Listing ID: 79083
This long established building moving company specializes in moving, raising, shoring and leveling structures of all kinds, including post & beam, balloon, historical and conventional structures. The company is fully insured carrying general liability, structure insurance (which covers your house while it is being worked on) automotive, and workman’s compensation. Competitive rates. Serving multi-state clients. Construction materials including vehicles valued at approx. $400,000+/- included in the asking price.
Turnkey. Experience required.
- Asking Price: $375,000
- Cash Flow: $211,600
- Gross Revenue: $295,500
- EBITDA: N/A
- FF&E: N/A
- Inventory: $400,000
- Inventory Included: Yes
- Established: 1985
- Property Owned or Leased:N/A
- Property Included:N/A
- Building Square Footage:N/A
- Lot Size:N/A
- Total Number of Employees:N/A
- Furniture, Fixtures and Equipment:N/A
As needed / to be negotiated.
The business was established in 1985, making the business 37 years old.
The sale does include inventory valued at $400,000, which is included in the requested price.
Why is the Current Owner Selling The Business?

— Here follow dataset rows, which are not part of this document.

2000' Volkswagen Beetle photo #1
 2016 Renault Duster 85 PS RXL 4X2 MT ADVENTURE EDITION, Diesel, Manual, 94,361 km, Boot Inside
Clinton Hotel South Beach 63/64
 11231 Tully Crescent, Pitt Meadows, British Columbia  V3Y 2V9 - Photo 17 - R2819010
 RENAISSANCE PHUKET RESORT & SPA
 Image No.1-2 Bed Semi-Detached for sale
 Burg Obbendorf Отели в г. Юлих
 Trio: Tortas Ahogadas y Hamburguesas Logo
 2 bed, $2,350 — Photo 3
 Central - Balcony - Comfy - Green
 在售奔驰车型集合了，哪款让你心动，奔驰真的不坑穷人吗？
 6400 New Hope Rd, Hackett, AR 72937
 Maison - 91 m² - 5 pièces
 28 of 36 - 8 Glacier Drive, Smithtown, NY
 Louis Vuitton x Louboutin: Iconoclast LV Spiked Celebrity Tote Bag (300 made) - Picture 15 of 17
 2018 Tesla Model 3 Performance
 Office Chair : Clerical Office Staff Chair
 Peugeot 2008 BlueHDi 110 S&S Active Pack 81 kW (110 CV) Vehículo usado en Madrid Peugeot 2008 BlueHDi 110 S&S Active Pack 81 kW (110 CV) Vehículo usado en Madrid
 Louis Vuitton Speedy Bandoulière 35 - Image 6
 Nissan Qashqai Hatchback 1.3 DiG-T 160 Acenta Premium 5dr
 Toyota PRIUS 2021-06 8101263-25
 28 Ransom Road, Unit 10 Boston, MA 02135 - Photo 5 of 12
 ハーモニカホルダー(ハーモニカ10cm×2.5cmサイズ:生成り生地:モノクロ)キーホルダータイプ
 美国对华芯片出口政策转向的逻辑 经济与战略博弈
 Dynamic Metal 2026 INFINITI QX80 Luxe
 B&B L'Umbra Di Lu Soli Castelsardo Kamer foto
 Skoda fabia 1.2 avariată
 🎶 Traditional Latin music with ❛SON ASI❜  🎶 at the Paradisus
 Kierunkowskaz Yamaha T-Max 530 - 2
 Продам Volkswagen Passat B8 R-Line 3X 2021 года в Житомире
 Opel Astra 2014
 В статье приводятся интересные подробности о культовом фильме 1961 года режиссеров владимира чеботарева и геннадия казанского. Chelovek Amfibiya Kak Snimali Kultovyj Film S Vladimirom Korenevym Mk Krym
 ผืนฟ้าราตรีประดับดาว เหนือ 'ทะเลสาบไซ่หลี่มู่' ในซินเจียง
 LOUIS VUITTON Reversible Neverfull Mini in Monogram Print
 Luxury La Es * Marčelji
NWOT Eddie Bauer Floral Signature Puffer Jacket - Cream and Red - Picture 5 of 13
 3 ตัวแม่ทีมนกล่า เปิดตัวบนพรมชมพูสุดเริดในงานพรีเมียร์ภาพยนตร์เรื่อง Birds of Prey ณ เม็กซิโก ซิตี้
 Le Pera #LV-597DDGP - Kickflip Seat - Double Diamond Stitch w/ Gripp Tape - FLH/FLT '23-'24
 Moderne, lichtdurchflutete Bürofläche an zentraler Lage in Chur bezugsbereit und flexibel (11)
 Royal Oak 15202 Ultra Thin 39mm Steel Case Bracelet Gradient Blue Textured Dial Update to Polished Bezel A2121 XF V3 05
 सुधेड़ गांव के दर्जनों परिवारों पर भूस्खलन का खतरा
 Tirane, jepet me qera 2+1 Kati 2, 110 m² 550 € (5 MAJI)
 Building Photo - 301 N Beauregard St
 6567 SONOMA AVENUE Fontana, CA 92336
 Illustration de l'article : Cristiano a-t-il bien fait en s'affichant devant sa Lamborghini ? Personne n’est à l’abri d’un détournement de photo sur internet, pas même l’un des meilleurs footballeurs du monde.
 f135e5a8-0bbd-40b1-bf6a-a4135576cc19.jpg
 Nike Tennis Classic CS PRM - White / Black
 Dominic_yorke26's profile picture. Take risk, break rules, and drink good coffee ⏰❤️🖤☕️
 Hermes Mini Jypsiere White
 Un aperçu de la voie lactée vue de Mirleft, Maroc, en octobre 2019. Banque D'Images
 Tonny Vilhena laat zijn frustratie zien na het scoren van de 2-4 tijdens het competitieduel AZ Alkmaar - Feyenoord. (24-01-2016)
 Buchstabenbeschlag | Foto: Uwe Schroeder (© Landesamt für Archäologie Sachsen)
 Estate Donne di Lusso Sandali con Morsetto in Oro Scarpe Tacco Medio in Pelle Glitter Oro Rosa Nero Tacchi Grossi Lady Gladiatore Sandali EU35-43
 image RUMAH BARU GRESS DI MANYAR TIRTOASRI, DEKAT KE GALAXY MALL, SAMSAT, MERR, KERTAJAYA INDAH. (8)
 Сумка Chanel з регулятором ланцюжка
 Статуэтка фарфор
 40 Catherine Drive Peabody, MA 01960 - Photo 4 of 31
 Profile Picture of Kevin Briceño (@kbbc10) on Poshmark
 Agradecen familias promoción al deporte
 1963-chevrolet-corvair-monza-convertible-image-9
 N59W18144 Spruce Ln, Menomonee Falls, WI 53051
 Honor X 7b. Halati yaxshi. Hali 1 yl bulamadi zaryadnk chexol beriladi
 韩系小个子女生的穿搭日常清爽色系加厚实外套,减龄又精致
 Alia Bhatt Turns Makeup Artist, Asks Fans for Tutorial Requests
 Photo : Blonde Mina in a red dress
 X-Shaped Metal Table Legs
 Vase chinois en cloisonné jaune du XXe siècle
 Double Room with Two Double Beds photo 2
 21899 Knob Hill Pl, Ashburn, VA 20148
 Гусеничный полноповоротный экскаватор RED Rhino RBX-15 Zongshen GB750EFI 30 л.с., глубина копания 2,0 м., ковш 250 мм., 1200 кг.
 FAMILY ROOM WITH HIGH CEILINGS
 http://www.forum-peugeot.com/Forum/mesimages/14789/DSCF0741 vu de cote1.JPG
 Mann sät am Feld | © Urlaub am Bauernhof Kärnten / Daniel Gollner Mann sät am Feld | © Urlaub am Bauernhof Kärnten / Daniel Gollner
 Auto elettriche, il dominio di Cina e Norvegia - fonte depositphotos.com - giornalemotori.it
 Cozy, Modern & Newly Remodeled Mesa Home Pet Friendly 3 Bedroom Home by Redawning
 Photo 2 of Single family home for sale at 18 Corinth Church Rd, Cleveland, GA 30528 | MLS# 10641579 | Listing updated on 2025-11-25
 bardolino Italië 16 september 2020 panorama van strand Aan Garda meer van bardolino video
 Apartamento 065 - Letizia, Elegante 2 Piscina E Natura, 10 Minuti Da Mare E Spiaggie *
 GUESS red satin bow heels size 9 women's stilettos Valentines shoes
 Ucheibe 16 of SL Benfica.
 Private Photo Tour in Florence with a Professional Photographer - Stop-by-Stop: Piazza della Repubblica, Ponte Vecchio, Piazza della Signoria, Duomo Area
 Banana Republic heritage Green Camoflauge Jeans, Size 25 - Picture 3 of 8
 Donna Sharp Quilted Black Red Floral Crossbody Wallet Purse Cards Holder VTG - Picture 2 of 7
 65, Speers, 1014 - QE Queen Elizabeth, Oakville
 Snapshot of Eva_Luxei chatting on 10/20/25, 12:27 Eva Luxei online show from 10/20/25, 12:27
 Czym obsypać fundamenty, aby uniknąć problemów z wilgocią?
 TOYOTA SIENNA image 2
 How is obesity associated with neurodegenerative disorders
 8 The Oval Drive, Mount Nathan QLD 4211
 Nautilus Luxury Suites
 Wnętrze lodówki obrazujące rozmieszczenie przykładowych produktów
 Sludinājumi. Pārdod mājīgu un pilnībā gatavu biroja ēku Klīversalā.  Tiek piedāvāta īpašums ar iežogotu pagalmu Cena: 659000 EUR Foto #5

There are all sorts of reasons why people choose to sell companies. Nonetheless, the real factor and the one they tell you might be 2 totally different things. For instance, they may claim "I have a lot of other commitments" or "I am retiring". For lots of sellers, these reasons stand. But also, for some, these may simply be justifications to try to hide the reality of altering demographics, increased competition, current decrease in earnings, or a variety of other factors. This is why it is very crucial that you not count entirely on a vendor's word, yet instead, make use of the vendor's solution combined with your total due diligence. This will paint a much more practical image of the business's present scenario.
Existing Debts and Future Obligations
If the current business is in debt, which many companies are, then you will certainly need to consider this when valuating/preparing your offer. Numerous businesses borrow money with the purpose of covering items such as inventory, payroll, accounts payable, so on and so forth. Keep in mind that sometimes this can suggest that earnings margins are too tight. Lots of businesses fall under a revolving door of taking on debt as a way to pay back other loans. Along with debts, there may also be future obligations to take into consideration. There might be an outstanding lease on equipment or the structure where the business resides. The business may have existing contracts with vendors that must be satisfied or might result in fines if terminated early.
Understanding the Customer Base, Competition and Area Demographics
How do companies in the location bring in brand-new consumers? Most times, companies have repeat clients, which form the core of their everyday profits. Certain factors such as brand-new competition sprouting up around the location, roadway building and construction, as well as personnel turnover can affect repeat customers as well as negatively influence future profits. One vital point to take into consideration is the placement of the business. Is it in an extremely trafficked shopping center, or is it concealed from the main road? Undoubtedly, the more individuals that see the business regularly, the greater the chance to build a returning consumer base. A last idea is the basic location demographics. Is the business located in a densely populated city, or is it located on the outskirts of town? How might the local average household earnings impact future income prospects?